In France, the traditional parties from the left and the right have been dwarfed by Emmanuel Macron’s landslide victory. In the US, surprising all political analysts, President Trump has reached an agreement with key Democrat leaders in two very key areas – the budget and the fate of the ‘Dreamers’; these undocumented immigrants who came to the US as children. More may follow. In the UK, after UKIP sabotaged itself, Boris Johnson has renewed a push for a harder Brexit, while the Labour leadership is drifting in the opposite direction, getting closer to those in the Conservative Party who hold similar views on Europe. The markets have almost driven the British Pound back to where it stood before the referendum, as if nothing had happened. Austria, where the Far Right candidate was defeated during the 2016 presidential election, is witnessing the emergence of a charismatic young politician - Sebastian Kurz - around a Centrist platform. Obviously, the boring German elections brought back Ms. Merkel, who would have enjoyed a Macronesque parliamentary dominance without the proportional component of Germany’s electoral system. At the same time, both the Liberals and the Far-Right increased their shares of the votes, reinforcing the chances of centrist governance to carry on.

These events are not isolated. The two-party system that most western democracies have practiced for decades is ending. Then there is the rise of the Centre. Pundits were hypnotized by the rise of populist parties, looking at UKIP or the "Front National" as proof that democracies were threatened by extremes.
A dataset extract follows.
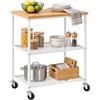 Relaxdays Carrello da cucina, bianco/naturale | 3 livelli, HxLxP: 77,5 x 60 x 40 cm, portata 30 kg, acciaio e MDF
In reality, they never had a serious chance of reaching a governing majority in any major country. What they have achieved instead is reducing the political space available to traditional parties. As a result, it was just a matter of time until dominant forces would coalesce in the Centre of the political spectrum.

Bipolar systems best fit with societies where one single issue dominates the political debate. Since WWII and the implementation of Keynesian policies – namely that the State redistributes (and taxes) a significant share of the economy – those who aim at lower taxes and less social welfare sit on the right, while those with opposite views are on the left. However, historically other issues that are incompatible with a two-party political system have dwarfed such economic concerns – think of slavery, civil rights and isolationism debates in the US; the colonial and religious question in France at the turn of the 20th century, or the conflicts around enclosures, free trade and protectionism in 18th and 19th century England. The more multidimensional public choices become, the less likely they are to fit within a linear right-left duality.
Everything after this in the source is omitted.